The UK legal sector could lose nearly £3bn in turnover growth and have 10,000 fewer jobs by 2025 with a no-deal Brexit, according to forecasts published by the Law Society.
The society’s research unit released a report today (22 August) which predicted the legal sector would grow at an average 2.2% annually from 2019 to 2025 with a soft Brexit. This, however, drops to just 1.5% with a harder Brexit and falls further to 1.1% in a no-deal scenario.
Predicting total sector turnover of about £29bn this year, the soft model forecasts turnover of £33.83bn in 2025, versus £30.86bn with no deal: effectively halving forecast turnover growth.
The society’s research used data and forecasts from the National Institute of Economic and Social Research (NIESR), the Office of National Statistics, and the International Monetary Fund. It then produced three Brexit scenario forecasts in collaboration with Thomson Reuters, which is soon releasing a report with Oxford Economics on the implications of Brexit for the legal sector.
The society’s soft Brexit scenario was based on the NIESR’s forecasts, while the harder Brexit deal used a Canada-style free trade agreement. The no-deal outcome was based on Britain reverting to World Trade Organisation (WTO) rules.
Law Society president Christina Blacklaws conceded the lack of agreement on Brexit negotiations and volatile global markets meant it was ‘standing on thin ice’ publishing forecasts. But the society said it intends to regularly review the figures and consider further Brexit scenarios ahead of Britain’s scheduled March 2019 exit from the European Union.
‘Our intention is to provide projections that are useful to the sector, to business and government as they steer a course for the years ahead,’ she said.

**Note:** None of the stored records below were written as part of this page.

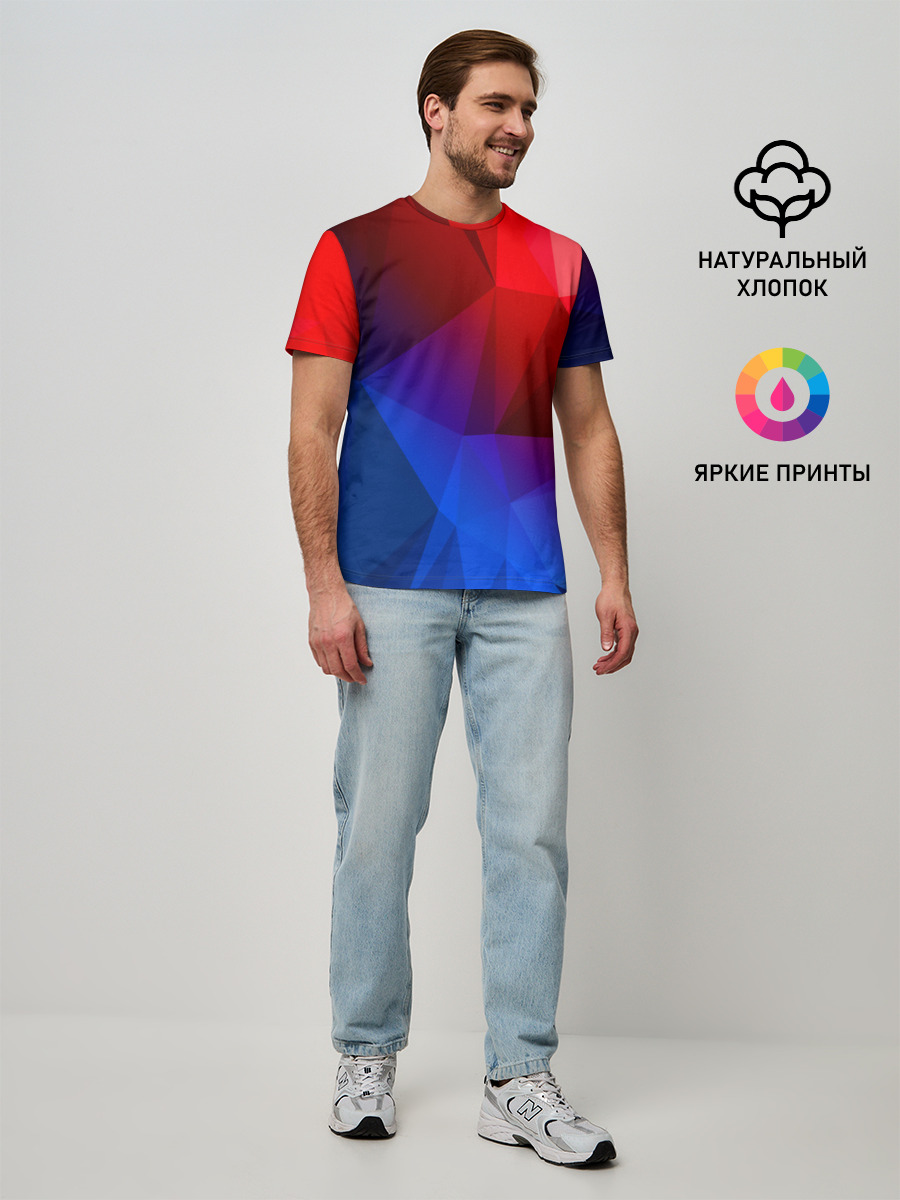 RED&BLUE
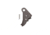 TangoDown Vickers Tactical Carry Trigger for Glock Gen3 and Gen4, 43/43X/48, Black TDVTCT-001BLK
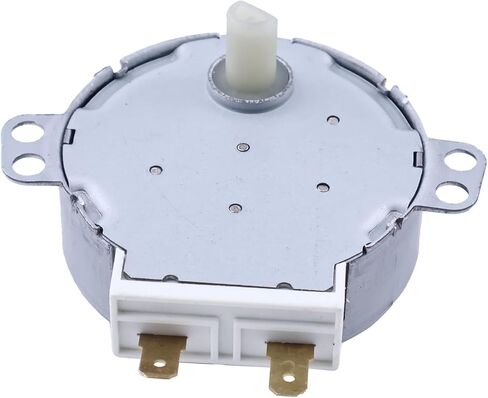 Microwave Durntable محرك متزامن W10466420 متوافق مع Whirlpool Kitchen Aid Maytag Jenn Air Kenmore in Kuwait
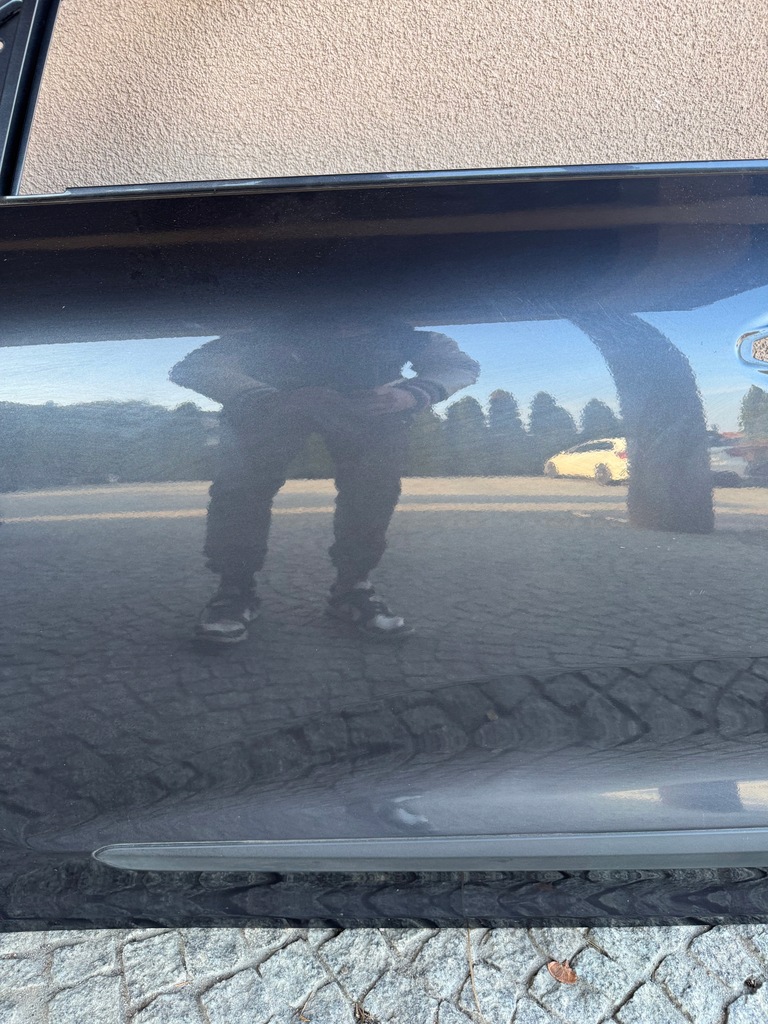 фото №6, Двері лівий перед передні kia niro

The report estimates turnover for the legal sector will be relatively buoyant from 2017 to 2020 because of work relating to regulatory changes from Brexit, an uptick in work for law firms from UK businesses, and increased work from international clients following a sharp depreciation in the pound.
But beyond 2020 it anticipates turnover growth will slow because of a weaker UK economy, slower growth in legal services exports, and a slowdown in the housing market. Legal sector turnover growth would be higher than overall economic growth, however, in part because of continuing regulatory work.

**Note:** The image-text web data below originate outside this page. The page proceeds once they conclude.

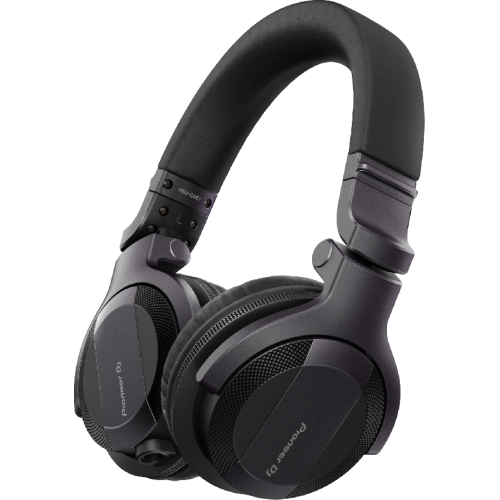PIONEER DJ HDJ-CUE1 HPH BLK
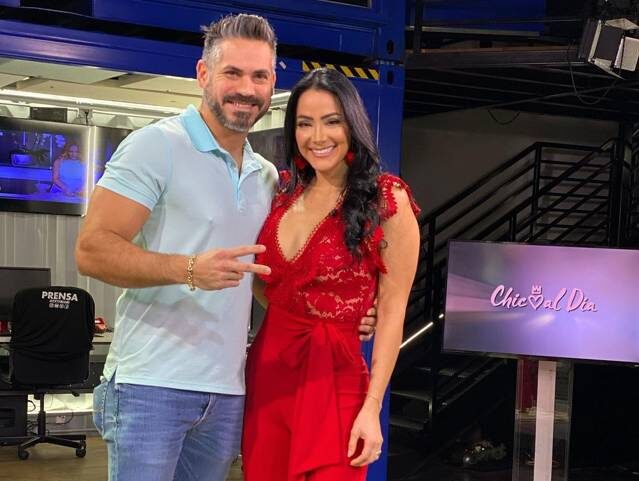Digital Chic al Día tendrá nueva moderadora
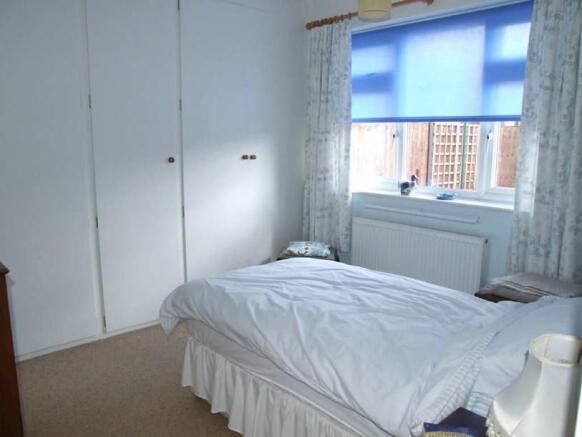 BEDROOM TWO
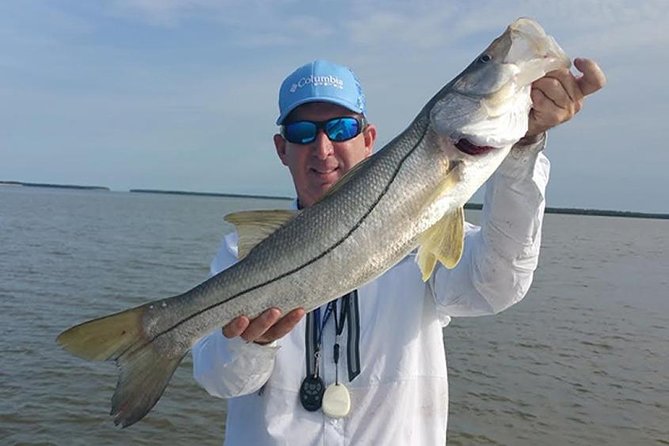 Naples Inshore Fishing Charters - When this charter is the right fit (and when it isn’t)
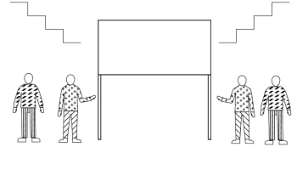 E normal să se folosească cifre și numere în loc de numele lunilor. DeclaraÈia Din Aprilie 1964 Tactile Images Encyclopedia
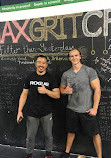 Max Grit CrossFit BCN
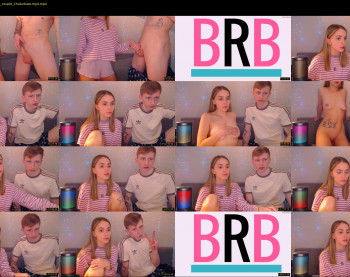 julsweet — 120 minute Chaturbate male cam show recording, 720p, May 5, 2025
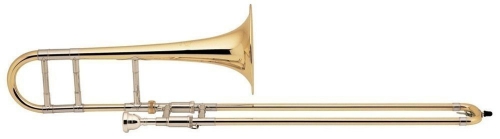 Vincent Bach 39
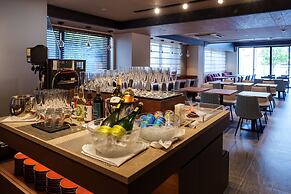 Hotel Grand Consort Naha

The models also expect employment in the sector to fall, based on both slower growth and the increasing adoption of new technology and working methods. Total full-time employment is predicted to fall to 283,000 in 2025 from 293,000 in 2015 under a soft Brexit, or closer to 274,000 with no deal.
Blacklaws added: ‘UK legal services look to have been relatively buoyant through 2017-18, thanks to a combination of Brexit-related work, steady demand from UK businesses and an uptick in business from non-UK clients taking advantage of the depreciation of the pound. However, Brexit is likely to have a significant negative effect on the legal sector in the medium and longer term.’